= J. M. Wendt =

Silversmith and manufacturing jeweler (1830–1917)

Joachim Matthias "J. M." Wendt (26 June 1830 – 7 September 1917) was a silversmith and manufacturing jeweller in the early days of South Australia.

==Life and career==
Wendt was born in Itzehoe, a small town in Holstein, then a Danish province, son of Joachim Matthias Wendt and his wife Christina, née Schlichting.

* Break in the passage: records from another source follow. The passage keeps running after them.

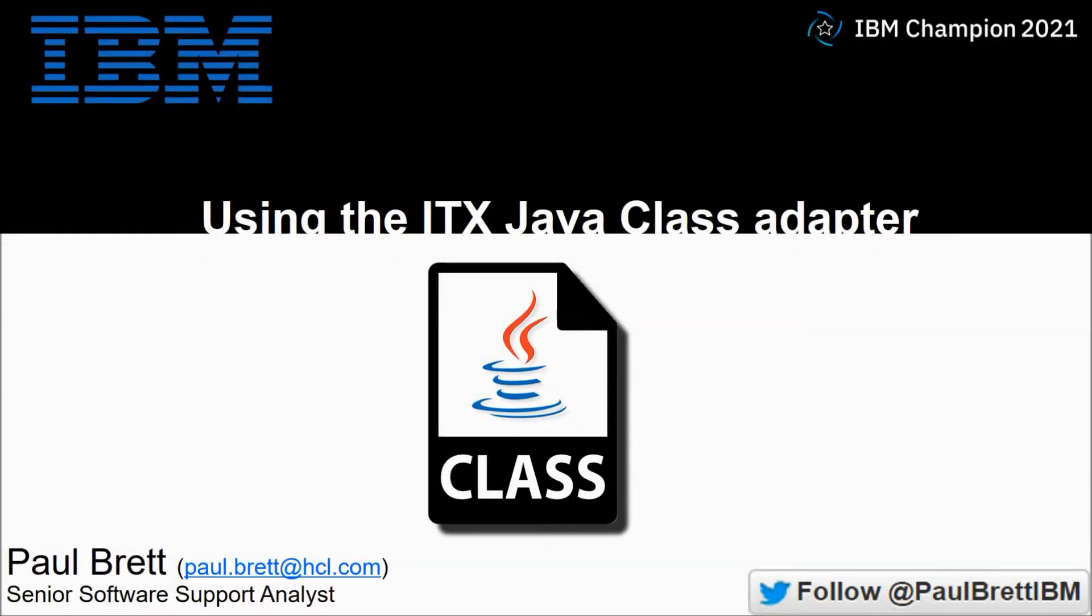Hello and welcome to this video presentation. My name is Paul Brett. I'm a senior software support analyst supporting the IBM Transformation Extender product. Today's topic is using the ITX Java class adapter. Feel free to follow me on Twitter at Paul Brett IBM.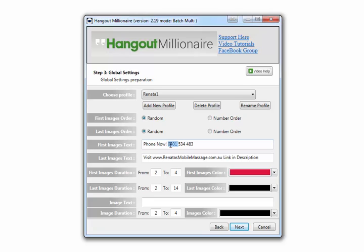What's important about that is the duration that we set down here. The process that Hangout Millionaire uses when it creates videos: it creates a video from Instagram, local image folder, or local video folder, turns that into a video, and then to give the best variation or duration, the software adds a slide at the front and at the end of the video. To make sure that videos are unique from each other, the software selects a random number between what you put here.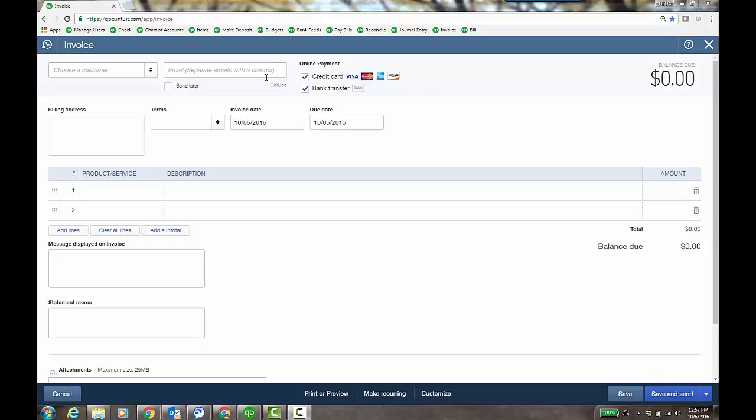We know that this has always been the case. I could do an invoice and turn online invoicing in the settings in the gear icon and then select bank transfer. So then they would get an invoice and be able to pay it with a bank routing number.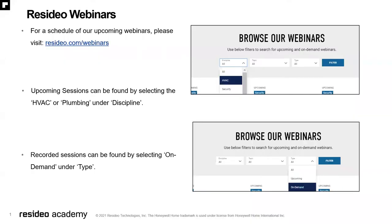Before we get started with our technical presentation, I'm going to cover a few items. Information on our upcoming webinar sessions are posted on our website at resideo.com/webinars. You can find upcoming webinars by searching under the discipline tab by the title HVAC or plumbing on the left-hand side of the search bar. Be sure to register. You can find recorded webinar sessions on this same website by selecting on-demand on the right-hand side of the filters.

After his mother's death around 1839 he was brought up by his father and two sisters, then apprenticed to a watchmaker and silversmith. In 1848 Holstein was conquered by Prussia, and he found German rule so distasteful that he emigrated to South Australia, arriving in 1851, and was naturalised as a British citizen in 1864, facts which he used to deflect the popular ill-feeling against people of German origin during the Great War.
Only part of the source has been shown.